| What you need to do |
All lines below between the line with "Indiana Hoosiers Vapor" and the line with "Proses Evakuasi Jenazah", including both, must be copied exactly, and the pictures must be omitted.
### Records supplied
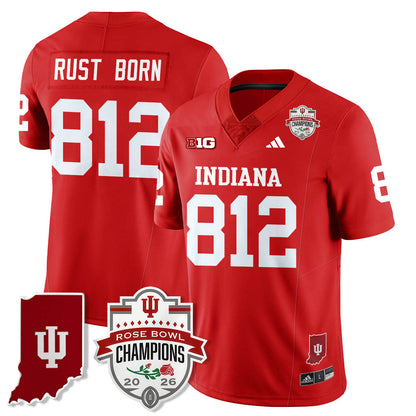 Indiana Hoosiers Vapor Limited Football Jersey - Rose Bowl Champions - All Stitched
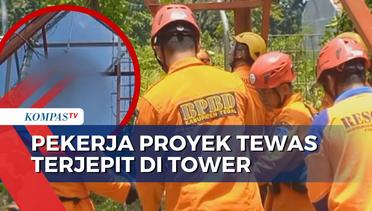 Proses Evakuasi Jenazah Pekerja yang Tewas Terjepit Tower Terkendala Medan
######
### Records supplied
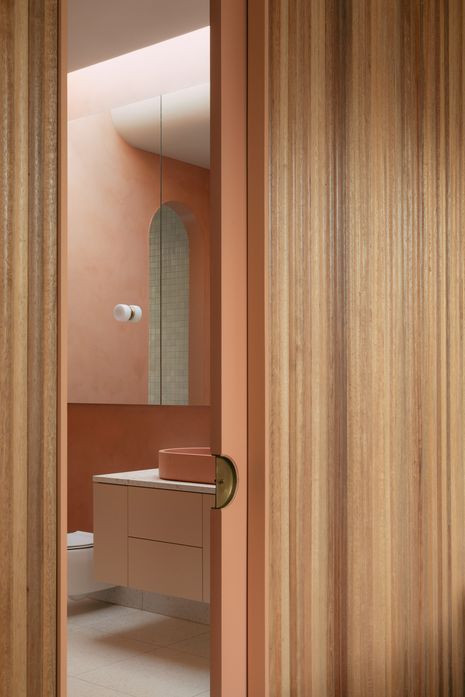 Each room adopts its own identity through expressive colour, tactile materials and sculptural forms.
######
| Solution below |
 Indiana Hoosiers Vapor Limited Football Jersey - Rose Bowl Champions - All Stitched
 Proses Evakuasi Jenazah Pekerja yang Tewas Terjepit Tower Terkendala Medan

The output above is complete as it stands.